However, it’s also possible to use an extended format if you have a custom NLU component and need metadata for your examples:

  1. nlu:
  2. - intent: greet
  3. examples:
  4. - text: |
  5. hi
  6. metadata:
  7. sentiment: neutral
  8. - text: |
  9. hey there!

The metadata key can contain arbitrary key-value data that is tied to an example and accessible by the components in the NLU pipeline. In the example above, the sentiment metadata could be used by a custom component in the pipeline for sentiment analysis.

You can also specify this metadata at the intent level:

  1. nlu:
  2. - intent: greet
  3. metadata:
  4. sentiment: neutral
  5. examples:
  6. - text: |
  7. hi
  8. - text: |
  9. hey there!

In this case, the content of the metadata key is passed to every intent example.

If you want to specify retrieval intents, then your NLU examples will look as follows:

  1. nlu:
  2. - intent: chitchat/ask_name
  3. examples: |
  4. - What is your name?
  5. - May I know your name?
  6. - What do people call you?
  7. - Do you have a name for yourself?
  8. - intent: chitchat/ask_weather
  9. examples: |
  10. - What's the weather like today?
  11. - Does it look sunny outside today?
  12. - Oh, do you mind checking the weather for me please?
  13. - I like sunny days in Berlin.

All retrieval intents have a suffix added to them which identifies a particular response key for your assistant. In the above example, ask_name and ask_weather are the suffixes. The suffix is separated from the retrieval intent name by a / delimiter.

:::info

💡 SPECIAL MEANING OF /

As shown in the above examples, the / symbol is reserved as a delimiter to separate retrieval intents from their associated response keys. Make sure not to use it in the name of your intents. :::

2.2 Entities

Entities are structured pieces of information that can be extracted from a user’s message.

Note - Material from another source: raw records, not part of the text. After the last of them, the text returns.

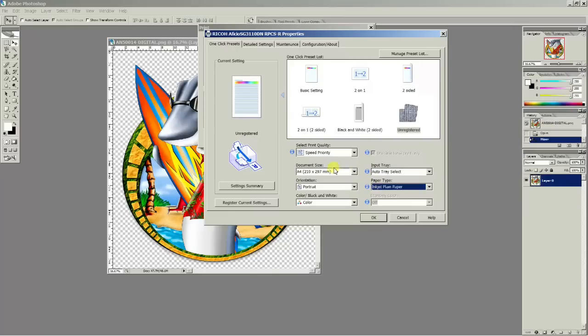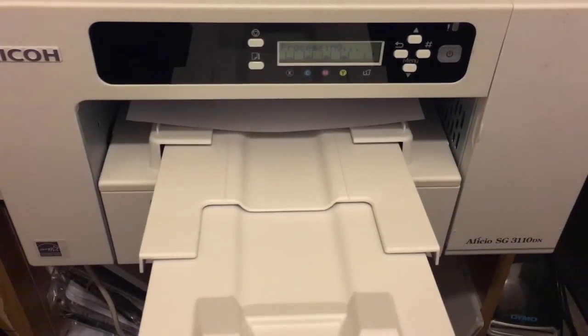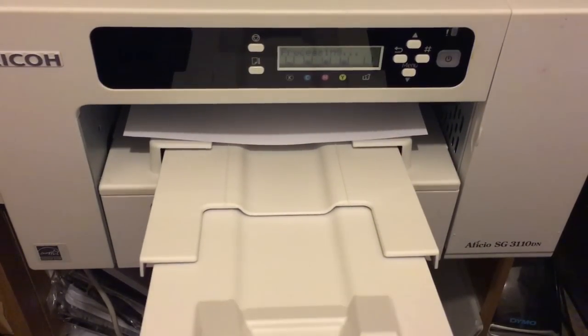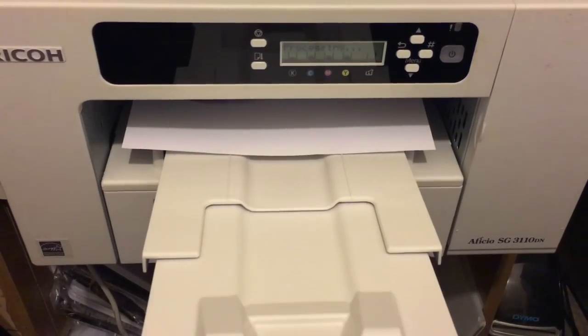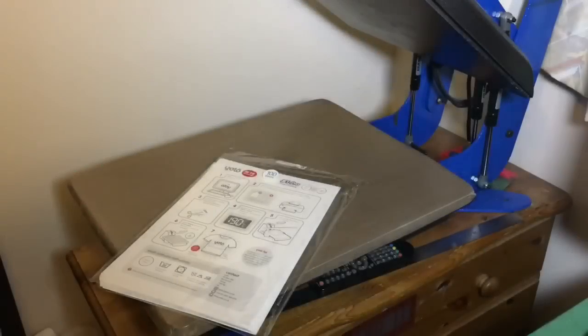In the settings, make sure you use inkjet paper settings for this particular paper. Also don't forget to mirror your image, as this is a light garment transfer paper, so you have to mirror it.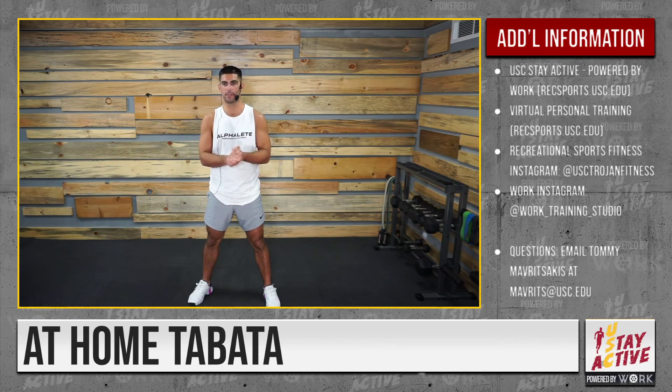Follow us at USC Trojan Fitness, and follow WORK on Instagram at work_training_studio. Once again, my name is Tommy — if you have any questions, my email is below. Thank you for watching, Trojans. Remember to stay safe and fight on!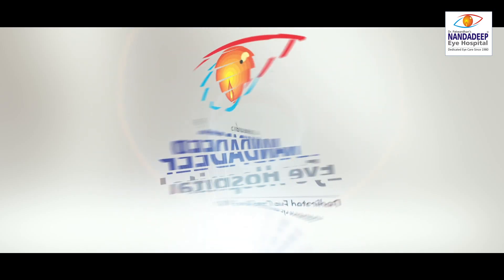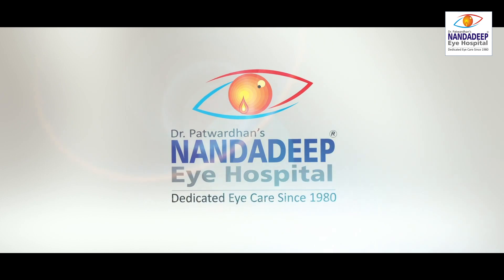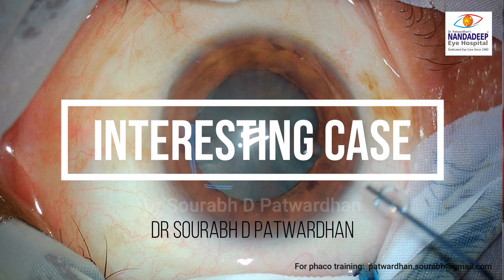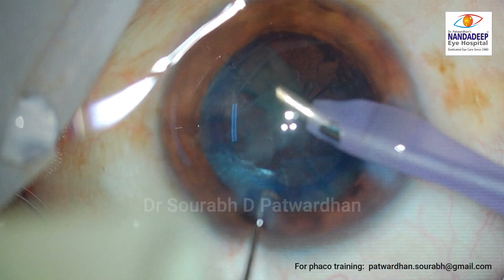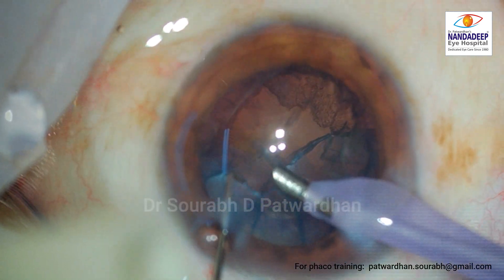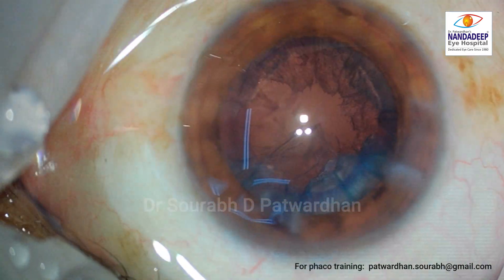Hello, I am Dr. Saurabh Patvardhan from Nandadeep Eye Hospital and in this video I will be discussing a very interesting case of trifocal IOL. The cataract is a routine cataract. I have already implanted the trifocal IOL in the other eye of the patient.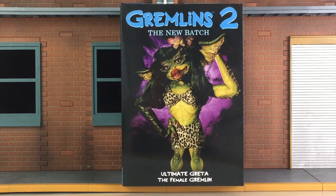Hey everyone, I am Anthony Scott of ToyHypeUSA.com. Today I am reviewing the Ultimate Greta figure from NECA Toys. She is part of their Gremlins line and is inspired from her appearance in Gremlins 2: The New Batch. The figure is packaged in a window box with an opening flap, and as you can see, the artwork is phenomenal on her. They really did a fantastic job. I also want to thank NECA for providing her for review — greatly appreciated.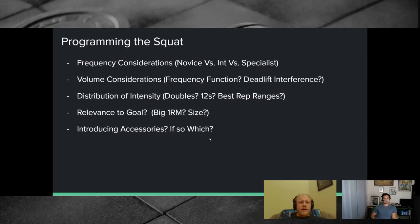Chase, do you want to talk about programming the squat — frequency for beginners and how that changes when you're intermediate? As a novice on linear progression, you're doing basically three sessions per week of squats, adding five pounds each time. As you approach the intermediate stage, you can't just squat three times at high intensity because the fatigue cost is too high — you'll get banged up and dig yourself into a hole.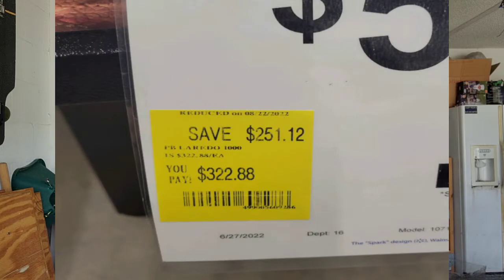So if you guys are interested in grilling or taking part in the pellet grill world, check your Walmart because a lot of the ones around me are trying to get all their stuff clearanced out. There are actually four Laredos — the Laredo 1000 Pit Boss. They go for $5.57 and they're on clearance for $3.22, which is about $251 off. So if you're interested in getting a new grill or jumping into the pellet grill world, check your local Walmart. I've never used that egg before, but I'm going to give it a shot — I thought it'd be a great addition to the channel.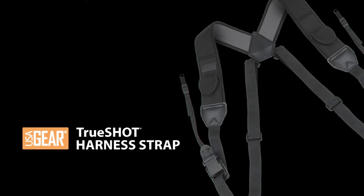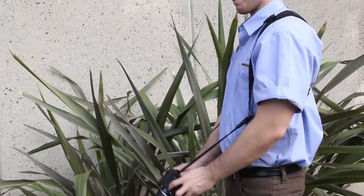The USAGEAR harness strap is designed to keep your camera or binoculars front and center. Sliding strap buckles slide up and down the webbing with ease so you can be ready at any time.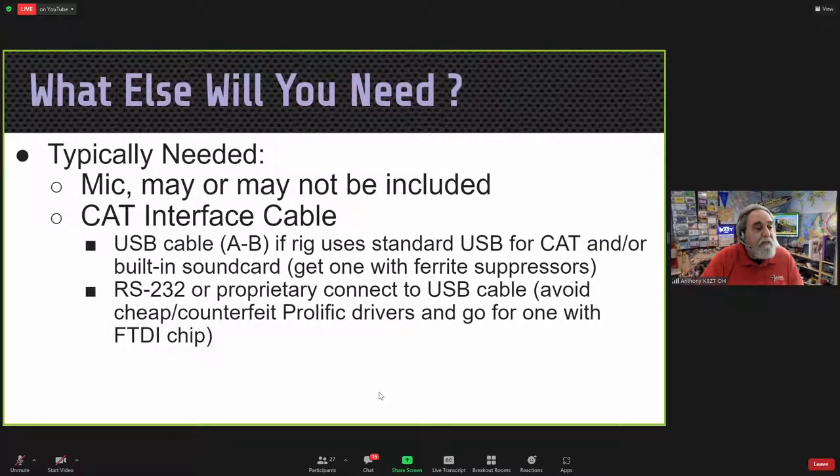You'll likely need a microphone if you're going to operate phone — it may or may not be included with the radio. You might want a CAT interface cable. Newer radios typically use simple USB-AB cables. Older radios might require an RS-232 cable and adapter, or even proprietary connections. When dealing with RS-232 to USB adapter cables, avoid cheap counterfeit cables and prolific drivers — always stick with FTDI chips.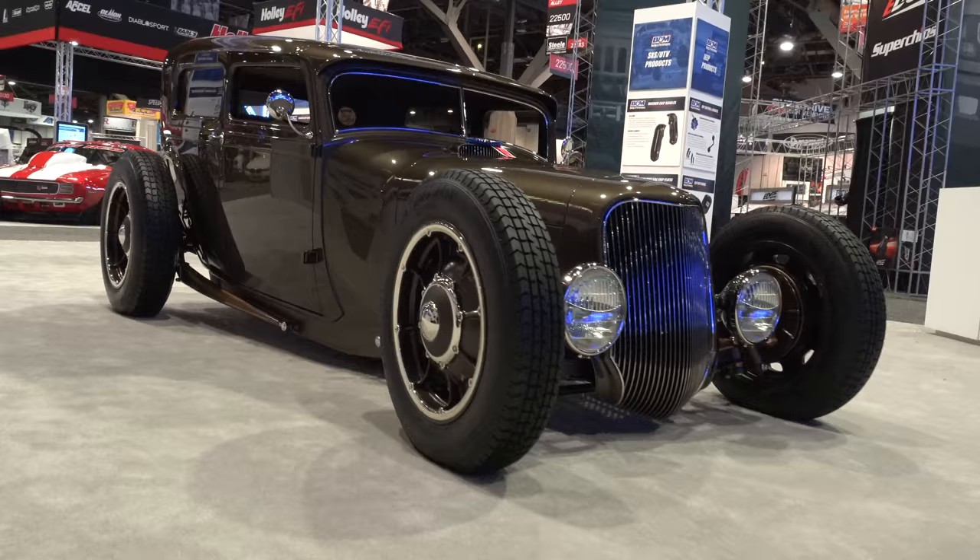Hey y'all, SEMA 2017, and I got a 1929 Ford sedan built by Rad Rods by Troy. It's been out in bare metal for a little while but now it's all finished and it is way bad — exactly what you expect from them boys. Let me get the camera turned around and we'll take a quick look at it.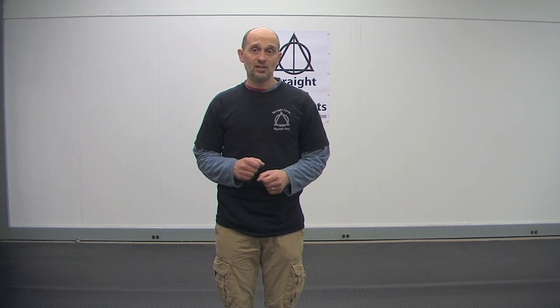This is Bill Koenig from Space Circle Martial Arts. Thanks for watching. Please like and subscribe and I will see you again next time. Bye.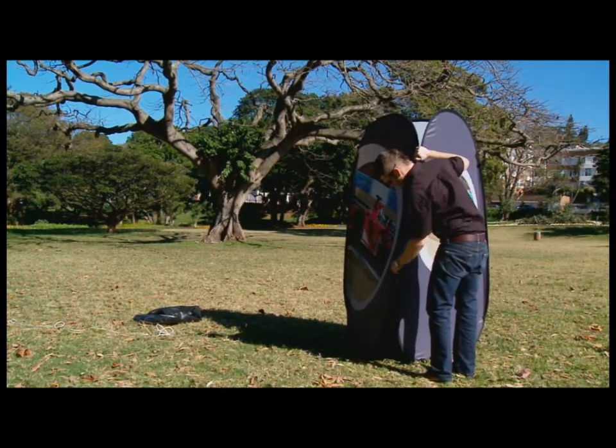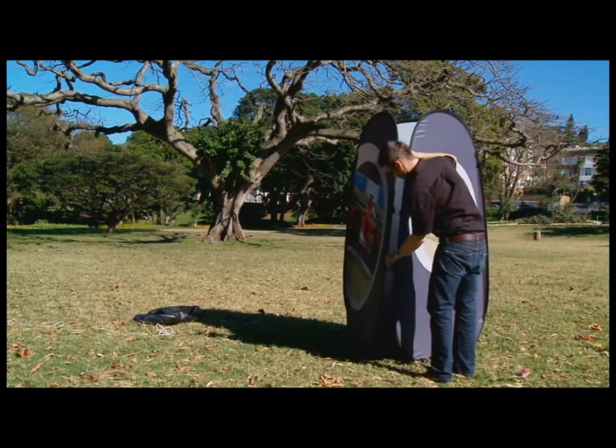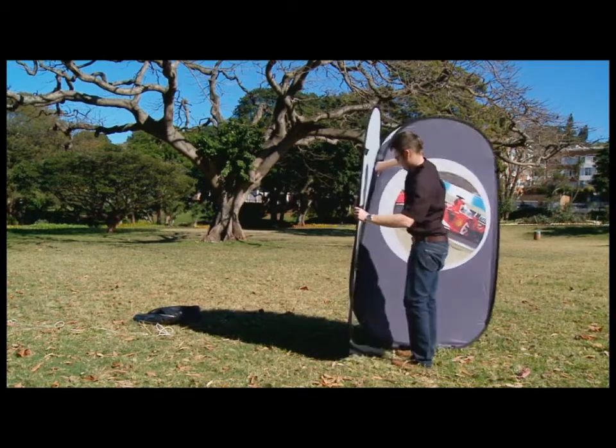To take down the tower, unfasten the velcro tabs and fold the three sides in onto themselves.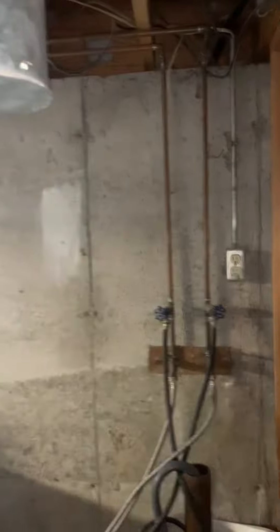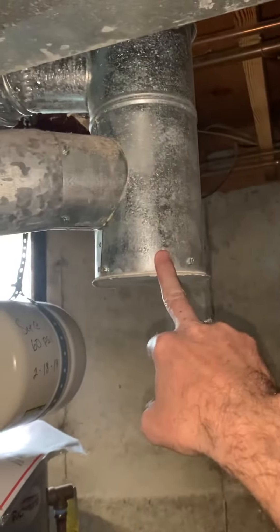If we go high efficiency, we can look at going out somewhere over here — we'll check outside. There's a five-inch swivel tee, three-inch going to the water heater, and four-inch going to the furnace.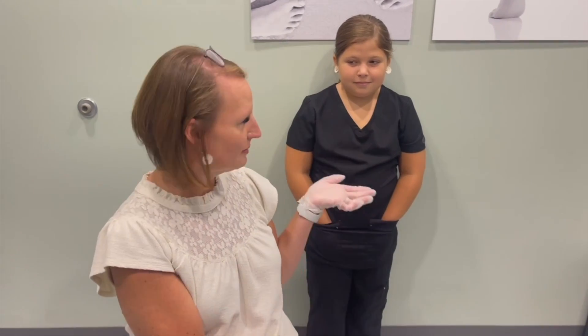Hey guys, welcome to Lexington Podiatry. I'm Dr. Carter and we have an injury today. This, as you probably can see, is my little girl Madison and she's here to become the newest podiatrist and my assistant for the day.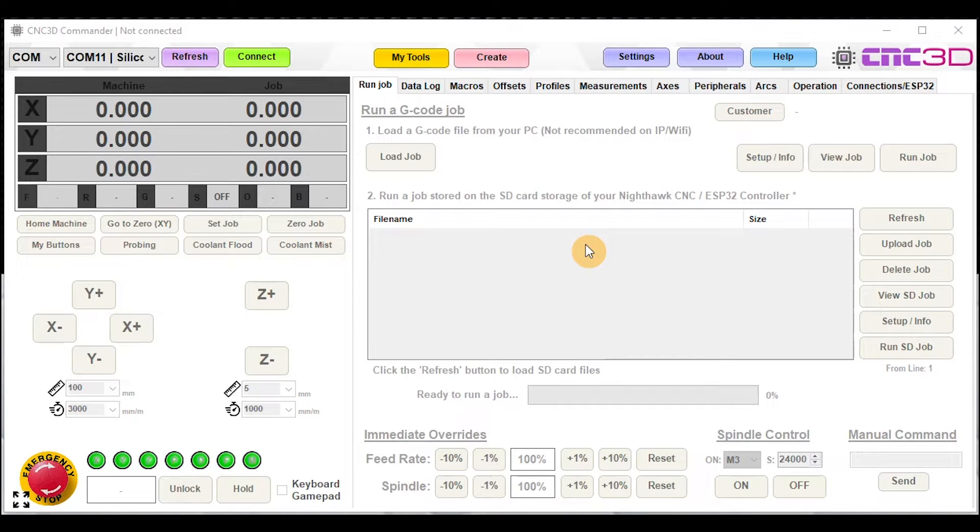Hey, what's up followers, Dave here from CNC 3D. In today's video we're going to be showing you how you can quickly and easily change over between one controller to another on your GRBL-based CNC controller. This video has come about because quite a few people have been replacing their existing xPro v5 controllers or other GRBL-based controllers on their CNC to one of our CNC 3D Nighthawk controllers.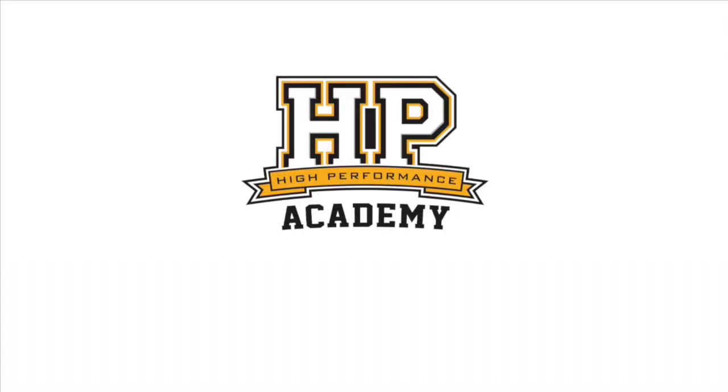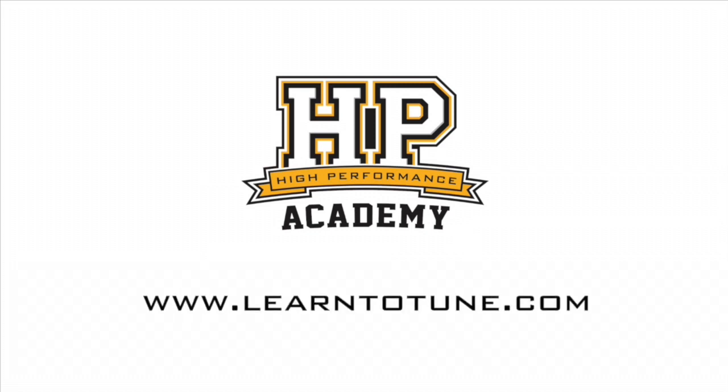Thanks a lot for taking the time to talk to us. Absolutely, thank you guys for stopping by. For online tuning courses, visit learntotune.com.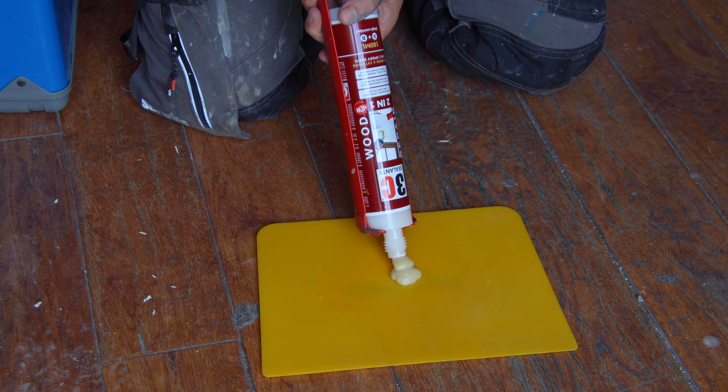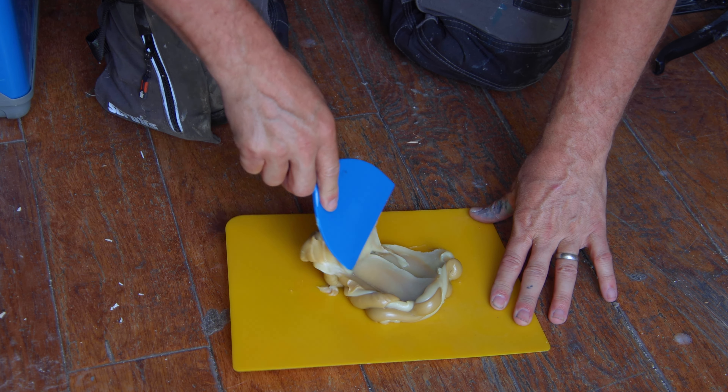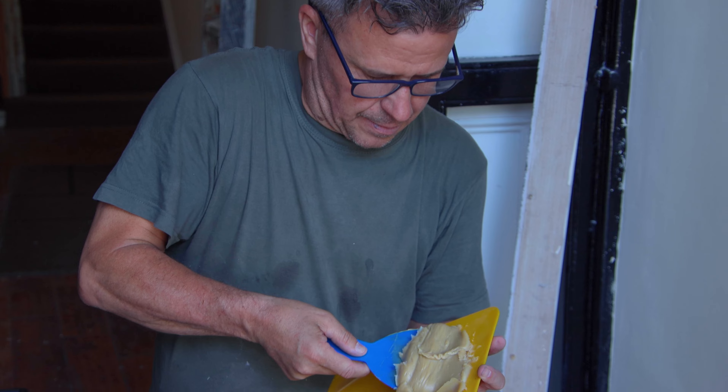The single cartridge design allows you to disperse an equal ratio of parts one and two. Then you can mix these together until you get a consistent colour.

Entities are annotated in training examples with the entity’s name. In addition to the entity name, you can annotate an entity with synonyms, roles, or groups.

In training examples, entity annotation would look like this:

  1. nlu:
  2. - intent: check_balance
  3. examples: |
  4. - how much do I have on my [savings]("account") account
  5. - how much money is in my [checking]{"entity": "account"} account
  6. - What's the balance on my [credit card account]{"entity":"account","value":"credit"}

The full possible syntax for annotating an entity is:

  1. [<entity-text>]{"entity": "<entity name>", "role": "<role name>", "group": "<group name>", "value": "<entity synonym>"}

The keywords role, group, and value are optional in this notation. The value field refers to synonyms. To understand what the labels role and group are for, see the section on entity roles and groups.

2.3 Synonyms

Synonyms normalize your training data by mapping an extracted entity to a value other than the literal text extracted. You can define synonyms using the format:

  1. nlu:
  2. - synonym: credit
  3. examples: |
  4. - credit card account
  5. - credit account

You can also define synonyms in-line in your training examples by specifying the value of the entity:

  1. nlu:
  2. - intent: check_balance
  3. examples: |
  4. - how much do I have on my [credit card account]{"entity": "account", "value": "credit"}
  5. - how much do I owe on my [credit account]{"entity": "account", "value": "credit"}

Read more about synonyms on the NLU Training Data page.

2.4 Regular Expressions

You can use regular expressions to improve intent classification and entity extraction using the RegexFeaturizer and RegexEntityExtractor components.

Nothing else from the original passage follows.